Thank you, Jimina. (Or should I say George?) It's not always easy to define the line between the familiar and the pert.

Anonymous said...

Excuse me - does this blog have a back door somewhere?

Spadoman said...

Why that's nothing. I've predicted the exact moment of my death every time I've died!
At another blog today, the writer posted a photo she took of a woman sitting in a cemetery knitting a scarf. It was a fantastic photo, made so by the subject herself. I imagined the stories she could tell of her life's experiences. When I read this post, I had her image in my mind talking to me. Fantastic!
Hope all is good with you and you're mending properly. If you are up walking, then it seems to be a good sign.

Pas

PS The Word Ver is ritter. Do you know what a ritter is? (no cheating)

Anonymous said...

So I gots me a double, eh? A creepy crawly snake in the grass doppleganger!!! Well Mr Mrs Miss Rev. so-called enantiomorph I tell you we hates it for ever!!! We hates it for ever!!! Now slip me a slug from that wonderful jug, dude.

Anonymous said...

The “Anonymous” that has just anonomized themselves here (above) is, in réalité, a nobody!

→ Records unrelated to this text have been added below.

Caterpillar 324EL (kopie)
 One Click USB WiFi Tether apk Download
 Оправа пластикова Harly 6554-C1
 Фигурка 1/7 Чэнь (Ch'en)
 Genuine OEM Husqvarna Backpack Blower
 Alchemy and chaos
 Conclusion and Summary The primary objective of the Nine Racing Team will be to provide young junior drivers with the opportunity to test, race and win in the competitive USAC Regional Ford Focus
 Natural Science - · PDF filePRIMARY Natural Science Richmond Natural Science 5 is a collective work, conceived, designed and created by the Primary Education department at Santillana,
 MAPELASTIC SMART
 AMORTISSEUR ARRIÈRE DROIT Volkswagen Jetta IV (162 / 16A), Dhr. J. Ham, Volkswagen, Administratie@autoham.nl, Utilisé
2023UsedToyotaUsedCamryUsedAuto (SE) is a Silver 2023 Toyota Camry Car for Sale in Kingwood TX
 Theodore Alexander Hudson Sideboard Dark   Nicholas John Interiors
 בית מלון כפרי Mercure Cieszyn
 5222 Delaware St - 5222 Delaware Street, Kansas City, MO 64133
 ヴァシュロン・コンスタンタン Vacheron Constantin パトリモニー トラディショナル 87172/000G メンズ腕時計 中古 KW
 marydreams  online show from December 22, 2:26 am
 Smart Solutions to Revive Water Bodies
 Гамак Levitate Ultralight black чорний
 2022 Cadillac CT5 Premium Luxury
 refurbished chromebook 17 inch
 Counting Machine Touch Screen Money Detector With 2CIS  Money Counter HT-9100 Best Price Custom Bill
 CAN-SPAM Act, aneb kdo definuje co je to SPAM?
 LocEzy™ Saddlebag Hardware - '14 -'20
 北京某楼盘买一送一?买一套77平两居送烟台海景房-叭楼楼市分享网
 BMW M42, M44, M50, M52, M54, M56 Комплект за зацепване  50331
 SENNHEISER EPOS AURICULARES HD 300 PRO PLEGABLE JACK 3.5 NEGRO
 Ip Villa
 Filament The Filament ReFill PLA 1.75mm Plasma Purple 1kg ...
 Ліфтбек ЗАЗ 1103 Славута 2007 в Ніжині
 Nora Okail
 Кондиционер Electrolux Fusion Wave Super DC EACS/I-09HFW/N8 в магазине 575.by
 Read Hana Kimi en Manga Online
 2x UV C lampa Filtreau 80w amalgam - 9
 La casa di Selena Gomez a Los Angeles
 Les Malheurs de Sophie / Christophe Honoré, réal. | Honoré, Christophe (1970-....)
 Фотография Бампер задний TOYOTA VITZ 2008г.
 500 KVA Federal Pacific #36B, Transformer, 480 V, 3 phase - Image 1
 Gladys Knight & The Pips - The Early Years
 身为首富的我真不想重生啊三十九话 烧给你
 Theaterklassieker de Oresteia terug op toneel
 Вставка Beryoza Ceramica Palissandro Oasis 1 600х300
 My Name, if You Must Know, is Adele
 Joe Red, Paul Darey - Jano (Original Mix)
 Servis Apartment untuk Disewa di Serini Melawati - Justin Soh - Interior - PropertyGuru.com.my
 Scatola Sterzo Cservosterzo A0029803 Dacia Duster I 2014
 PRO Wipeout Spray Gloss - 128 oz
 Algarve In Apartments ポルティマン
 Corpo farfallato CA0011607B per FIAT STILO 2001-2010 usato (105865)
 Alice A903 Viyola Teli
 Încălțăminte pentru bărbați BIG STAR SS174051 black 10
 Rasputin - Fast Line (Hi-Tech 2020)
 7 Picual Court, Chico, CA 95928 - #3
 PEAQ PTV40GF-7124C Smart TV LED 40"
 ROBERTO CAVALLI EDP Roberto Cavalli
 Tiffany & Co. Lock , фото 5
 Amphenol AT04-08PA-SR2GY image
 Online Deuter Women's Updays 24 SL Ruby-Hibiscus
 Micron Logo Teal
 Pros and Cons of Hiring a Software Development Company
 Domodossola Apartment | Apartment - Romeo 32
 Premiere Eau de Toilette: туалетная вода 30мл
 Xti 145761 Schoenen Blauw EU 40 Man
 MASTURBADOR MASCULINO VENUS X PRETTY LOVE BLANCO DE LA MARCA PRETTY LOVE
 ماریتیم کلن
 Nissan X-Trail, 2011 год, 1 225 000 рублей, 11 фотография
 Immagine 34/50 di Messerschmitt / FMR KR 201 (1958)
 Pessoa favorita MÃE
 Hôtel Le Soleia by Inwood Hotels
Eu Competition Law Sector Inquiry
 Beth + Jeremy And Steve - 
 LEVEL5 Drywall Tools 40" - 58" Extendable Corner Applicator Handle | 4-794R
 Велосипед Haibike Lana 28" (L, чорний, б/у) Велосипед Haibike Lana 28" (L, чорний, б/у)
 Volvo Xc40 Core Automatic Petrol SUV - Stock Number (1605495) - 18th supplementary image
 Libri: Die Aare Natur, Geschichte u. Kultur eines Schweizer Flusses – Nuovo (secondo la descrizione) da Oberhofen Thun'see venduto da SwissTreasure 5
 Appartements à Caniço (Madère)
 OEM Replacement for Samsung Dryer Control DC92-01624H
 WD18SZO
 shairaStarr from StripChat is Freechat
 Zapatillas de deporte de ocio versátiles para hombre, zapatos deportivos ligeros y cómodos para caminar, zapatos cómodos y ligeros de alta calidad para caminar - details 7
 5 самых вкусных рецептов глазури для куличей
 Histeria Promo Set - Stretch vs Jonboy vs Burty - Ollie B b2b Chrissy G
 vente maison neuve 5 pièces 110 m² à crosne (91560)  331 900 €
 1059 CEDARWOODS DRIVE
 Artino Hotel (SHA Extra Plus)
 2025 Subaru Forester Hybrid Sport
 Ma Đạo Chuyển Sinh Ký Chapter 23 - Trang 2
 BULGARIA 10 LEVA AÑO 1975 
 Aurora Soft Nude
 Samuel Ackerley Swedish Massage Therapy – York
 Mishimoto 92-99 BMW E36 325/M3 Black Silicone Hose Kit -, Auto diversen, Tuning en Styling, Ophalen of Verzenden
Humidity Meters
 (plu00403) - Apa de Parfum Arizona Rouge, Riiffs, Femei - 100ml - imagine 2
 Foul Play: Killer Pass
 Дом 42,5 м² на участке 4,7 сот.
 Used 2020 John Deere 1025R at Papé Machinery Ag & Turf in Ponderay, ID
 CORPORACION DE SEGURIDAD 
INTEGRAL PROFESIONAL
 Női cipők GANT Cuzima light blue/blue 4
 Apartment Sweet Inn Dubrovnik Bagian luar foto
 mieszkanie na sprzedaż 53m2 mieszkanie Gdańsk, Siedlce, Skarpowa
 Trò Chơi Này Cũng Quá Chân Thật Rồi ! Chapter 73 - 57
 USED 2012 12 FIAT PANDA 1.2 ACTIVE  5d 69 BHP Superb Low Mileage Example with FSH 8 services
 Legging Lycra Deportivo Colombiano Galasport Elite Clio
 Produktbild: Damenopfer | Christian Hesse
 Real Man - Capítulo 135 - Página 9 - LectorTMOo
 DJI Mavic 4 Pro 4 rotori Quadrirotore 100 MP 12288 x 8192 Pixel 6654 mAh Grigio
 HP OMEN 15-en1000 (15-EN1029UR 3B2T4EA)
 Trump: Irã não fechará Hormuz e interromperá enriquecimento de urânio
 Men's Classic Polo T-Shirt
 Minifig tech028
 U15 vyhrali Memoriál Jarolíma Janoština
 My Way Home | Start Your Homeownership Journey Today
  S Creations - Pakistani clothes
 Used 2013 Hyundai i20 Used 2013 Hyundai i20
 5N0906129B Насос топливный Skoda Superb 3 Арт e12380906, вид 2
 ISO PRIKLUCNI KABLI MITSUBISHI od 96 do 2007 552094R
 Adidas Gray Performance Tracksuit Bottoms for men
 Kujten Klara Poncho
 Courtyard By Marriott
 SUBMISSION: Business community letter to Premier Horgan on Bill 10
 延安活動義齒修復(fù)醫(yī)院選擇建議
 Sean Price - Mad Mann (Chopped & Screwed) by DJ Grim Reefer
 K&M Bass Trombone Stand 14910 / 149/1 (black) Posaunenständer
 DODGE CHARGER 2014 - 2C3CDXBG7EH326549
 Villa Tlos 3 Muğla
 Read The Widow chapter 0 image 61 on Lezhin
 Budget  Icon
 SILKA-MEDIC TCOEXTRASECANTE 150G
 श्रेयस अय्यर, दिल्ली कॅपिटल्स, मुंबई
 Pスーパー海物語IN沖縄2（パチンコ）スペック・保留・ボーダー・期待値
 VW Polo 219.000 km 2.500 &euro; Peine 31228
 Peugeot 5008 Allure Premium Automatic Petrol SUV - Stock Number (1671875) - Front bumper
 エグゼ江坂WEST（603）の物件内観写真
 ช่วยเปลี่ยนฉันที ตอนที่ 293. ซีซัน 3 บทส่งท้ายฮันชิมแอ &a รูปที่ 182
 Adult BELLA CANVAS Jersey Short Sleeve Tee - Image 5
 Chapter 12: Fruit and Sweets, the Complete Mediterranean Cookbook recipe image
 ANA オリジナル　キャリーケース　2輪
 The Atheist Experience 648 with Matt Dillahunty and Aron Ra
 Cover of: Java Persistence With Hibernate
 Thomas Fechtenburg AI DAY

This is the true “Anonyme vrai”. Right Here! (Not that I care a jot in being more transparent than my anonymous feint copier).

Christopher said...

Goodness, whatever's going on here? Style analysis inclines to me accept the most recent Anonymous contribution above (the timed at 03.33) as being the real Jimina McCoy: could I perhaps ask you in any future comments you might be good enough to make to identify yourself as Anonymous™, thus separating the wheat from the chaff?

Spadoman: You're an amazing man. I hope head knitwoman Mme Defarge above has taken note - and further inspiration - from your account.

Ritter? German for knight? But I expect there's some other totally unexpected spadomanian meaning to it, isn't there?

George: My piano's upright and is on the ground floor. Just in case you were wondering.